COVID-19 In-Hospital Mortality in Patients with CKD

There are few data available on outcomes of coronavirus disease 2019 (COVID-19) among patients with chronic kidney disease (CKD). Oleh Akchurin, MD, and colleagues at Weill Cornell Medicine, New York New York, conducted a retrospective cohort study of patients with and without CKD consecutively admitted with COVID-19 to three affiliated hospitals in New York City. Results of the study were reported online in Kidney 360 [doi.org/10.34067/KID.0004142020].

Diagnoses of CKD pre-COVID-19 were identified using billing codes and manual chart review. The study was designed to compare in-hospital mortality between patients with and without pre-existing CKD. Adjustments for confounders and identification of patient characteristics associated with mortality were established using logistic regression.

There were 280 patients with CKD hospitalized with COVID-19 and 4098 patients without CKD hospitalized for COVID-19. In the CKD group, median age was 75 years and baseline serum creatinine was 1.5 mg/dL. In the non-CKD group, median age was 62 years.

In-hospital mortality in the CKD group was 30% compared with 19.9% in the non-CKD group (P<.001). Following adjustment for comorbidities (hypertension, diabetes mellitus, asthma, and chronic obstructive pulmonary disease), the risk of in-hospital mortality remained significantly higher in the CKD group than in the non-CKD group (adjusted odds ratio [aOR], 1.4; 95% confidence interval [CI], 1.1-1.9).
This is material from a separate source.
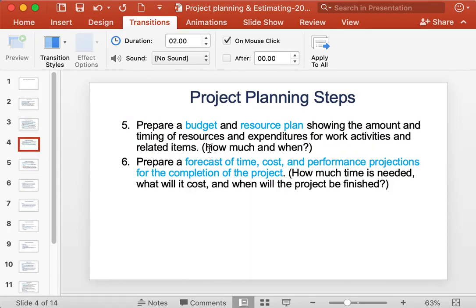Once scheduling is done, we can prepare a budget and resource plan showing the amount and timing of resources and expenditures for work activities and related items. Through this we can answer questions like how much and when resources need to be ready and when expenditures will be incurred.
Following stratification by age, patients more than 70 years of age with CKD had higher morality than their age-matched control patients without CKD. In the CKD group, factors associated with in-hospital death were age (aOR, 1.09; 95% CI, 1.06-1.12), baseline and admission serum phosphorus (aOR, 1.5; 95% CI, 1.03-2.1 and 1.4; 95% CI, 1.1-1.7, respectively), serum creatinine on admission >0.3 mg/dL above baseline (aOR, 2.6; 95% CI, 1.2-5.4), and diagnosis of acute on chronic kidney injury during hospitalization (aOR, 4.6; 95 %CI, 2.3-8.9).

In conclusion, the researchers said, “CKD is an independent risk factor for COVID-19 associated in-hospital mortality in elderly patients. Acute on chronic kidney injury increases odds of in-hospital mortality in CKD patients hospitalized with COVID-19.”